The political shadow over every reconciliation effort in Manipur remains the demand for Separate Administration by sections of the Kuki-Zomi leadership. This demand emerged from a perception of insecurity and marginalization among others. Whether or not one agrees with its constitutional viability, it reflects an unresolved crisis of governance.

The Chief Minister’s initiative did not directly address this structural question. Nor perhaps could it. But reconciliation efforts that bypass the political core of the conflict risk treating symptoms while leaving causes intact.

The participation of hardline MLAs may indicate willingness to engage within existing constitutional frameworks. Yet engagement and political negotiation cannot be replaced by welfare outreach.

Buffer Zones and the Geography of Division

One of the least discussed but most consequential features of post-2023 Manipur has been the normalization of buffer zones. These zones, enforced by security forces, have prevented direct clashes but have also institutionalized separation. They function as both peacekeeping mechanism and symbol of division.

If buffer zones become permanent, they transform temporary conflict lines into enduring boundaries. Peace cannot mean frozen segregation.
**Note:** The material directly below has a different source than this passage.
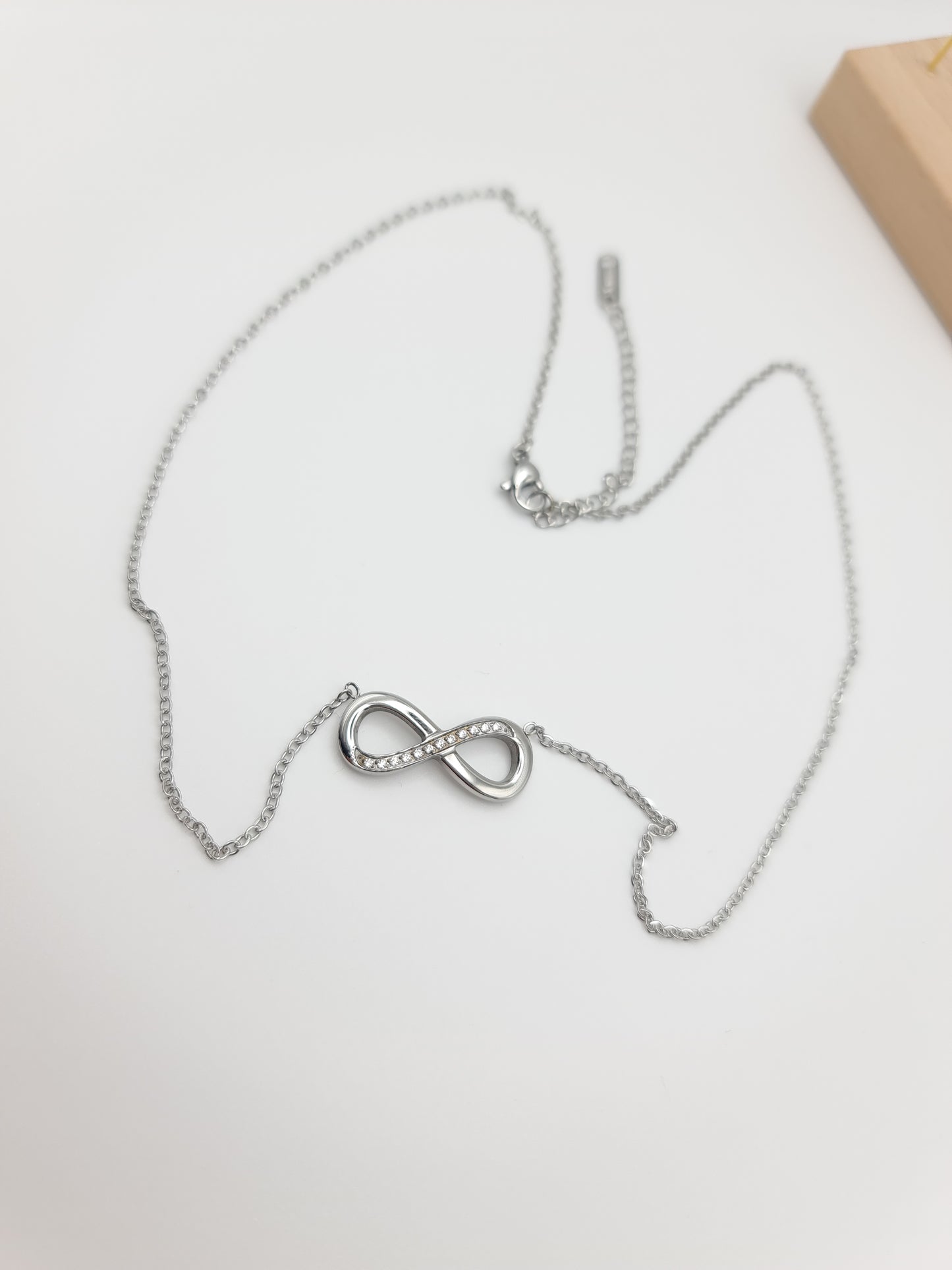 Infinity Neck
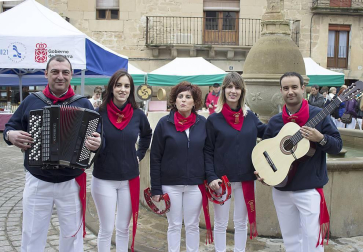 Dicastillo acogió un año más la fiesta en honor a este preciado manjar. El Ayuntamiento de la localidad junto al Consorcio Turístico de Tierra Estella fueron los encargados de organizar el evento, cuyo acto más esperado fue la degustación popular, al que acompañó el Certamen de Espárrago, que ha alcanzado su vigésima edición, y el XVIII Mercado de Productos Artesanos Agroalimentarios.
Any roadmap for IDP return must include gradual dismantling of such divisions, accompanied by community-level confidence-building measures and security guarantees.

Beyond Symbolism: What Would Real Progress Look Like?

If the February 19 programme is to mark more than a moment of managed optimism, it must be followed by measurable outcomes:

  1. A publicly available phased return plan for IDPs, with security and reconstruction benchmarks.
  2. Transparent monitoring mechanisms involving civil society from both hills and valley.
  3. Restoration of safe, regular civilian traffic on National Highways.
  4. Dialogue forums addressing political issues.
  5. Independent review of security arrangements to prevent recurrence of violence.

Without these, relief distribution will remain palliative.

Conclusion: Hope, Caution, and the Politics of Appearance

Chief Minister Yumnam Khemchand’s initiative deserves recognition for attempting to create a shared platform in a deeply divided state. The financial assistance has provided immediate relief to thousands who desperately needed it. The presence of previously resistant legislators signals at least a willingness to engage.

Yet cautious skepticism is not cynicism. It is necessary political realism.

Manipur’s crisis was not born of administrative neglect alone; it emerged from structural contestations over land, identity, governance, and security among others. A single interaction programme, however well staged, cannot undo three years of entrenched displacement and mistrust.

The true measure of success will not be the quantum of funds transferred, nor the images of leaders addressing camps. It will be whether families can return to their homes without fear; whether children can attend school without crossing invisible frontlines; whether Meiteis can traverse National Highways without anxiety; whether Kuki-Zomi citizens besides Thadous can move through the valley without insecurity; whether buffer zones can be dismantled rather than normalized.

Peace in Manipur cannot be performed. It must be built – institution by institution, road by road, home by home.

Although Manipur Chief Minister Yumnam Khemchand government’s strategy marries welfare to trust-building and political engagement, the state remains at a crossroads – suspended between relief and resolution, between optics and transformation.